“The haulers were that sector, which was initially the most vulnerable to Russia’s sanctions. However, recently they have adjusted to those changes quite well. Now the situation is getting more complicated and the haulers will have to look for some other arguments since it would be rather difficult to expect our transportation of goods to the East to recover any time soon in the current context,” Gitanas Nausėda, an adviser to SEB Bankas president, told BNS.
Earlier pessimistic forecast of SEB Bankas, which said that the losses of the transport sector alone might reach up to 0.5 percent of GDP as a result of Russia’s sanctions, might actually come true, he said. However, Nausėda still expects these losses not to exceed 0.5 percent.
Indrė Genytė-Pikčienė, chief analyst with DNB Bankas, told BNS that Lithuania would lose its competitive edge versus other countries of the region due to Russia’s restrictions.

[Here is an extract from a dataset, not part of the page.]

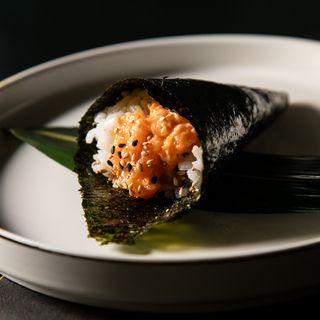 33. Temaki spicy salmon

“What is really a matter of concern is that Lithuania spoils its image, as a re-exporter, and, accordingly, loses competition with other Central and Eastern European countries. That corridor of goods was very convenient for us and now we are becoming less attractive for the suppliers of goods since those measures are targeted against Lithuania,” she told BNS.
According to Genytė-Pikčienė, transport services provided to Russia last year accounted for 28 percent of Lithuania’s total exports of transport services.
A representative of the Lithuanian Industrialists’ Confederation agreed that stepped-up checks of Lithuanian trucks at the Russian border might affect the national economy.
According to Sigitas Besagirskas, transport sector provided nearly 10 percent of the country’s GDP and was second only to industry’s contribution to the national output.
Prime Minister Algirdas Butkevičius said in a radio interview on Tuesday that new obstacles that Russia was creating by subjecting Lithuanian vehicles to thorough checks at the border might cause problems to the country’s economy.